- [Exercise objective]: Determine how many lines in the listing below include "Mercedes", and answer with only that number.

────────────────────

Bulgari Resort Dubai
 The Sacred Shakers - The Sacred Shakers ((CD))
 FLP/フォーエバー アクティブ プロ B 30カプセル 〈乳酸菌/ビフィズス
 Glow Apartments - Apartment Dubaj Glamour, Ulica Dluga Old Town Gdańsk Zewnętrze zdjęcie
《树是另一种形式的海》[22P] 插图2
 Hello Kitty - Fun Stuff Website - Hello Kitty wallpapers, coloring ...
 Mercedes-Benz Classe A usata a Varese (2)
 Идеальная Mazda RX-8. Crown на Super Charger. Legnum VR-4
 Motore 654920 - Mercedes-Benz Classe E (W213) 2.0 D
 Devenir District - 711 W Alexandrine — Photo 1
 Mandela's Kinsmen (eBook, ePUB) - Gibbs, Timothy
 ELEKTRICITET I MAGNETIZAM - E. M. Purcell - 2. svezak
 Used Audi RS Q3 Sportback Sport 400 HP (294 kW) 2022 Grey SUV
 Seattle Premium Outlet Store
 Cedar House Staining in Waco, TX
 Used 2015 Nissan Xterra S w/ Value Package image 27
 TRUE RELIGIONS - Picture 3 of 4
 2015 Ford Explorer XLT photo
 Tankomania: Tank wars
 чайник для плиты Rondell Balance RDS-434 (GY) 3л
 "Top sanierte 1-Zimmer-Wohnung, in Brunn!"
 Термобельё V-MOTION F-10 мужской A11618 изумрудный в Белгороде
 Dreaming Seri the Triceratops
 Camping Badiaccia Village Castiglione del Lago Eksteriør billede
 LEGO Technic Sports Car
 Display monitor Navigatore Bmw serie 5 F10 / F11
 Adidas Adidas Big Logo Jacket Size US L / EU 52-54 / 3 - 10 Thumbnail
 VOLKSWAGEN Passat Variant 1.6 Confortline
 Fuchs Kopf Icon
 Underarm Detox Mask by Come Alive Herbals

────────────────────

- [Response to this exercise]: 2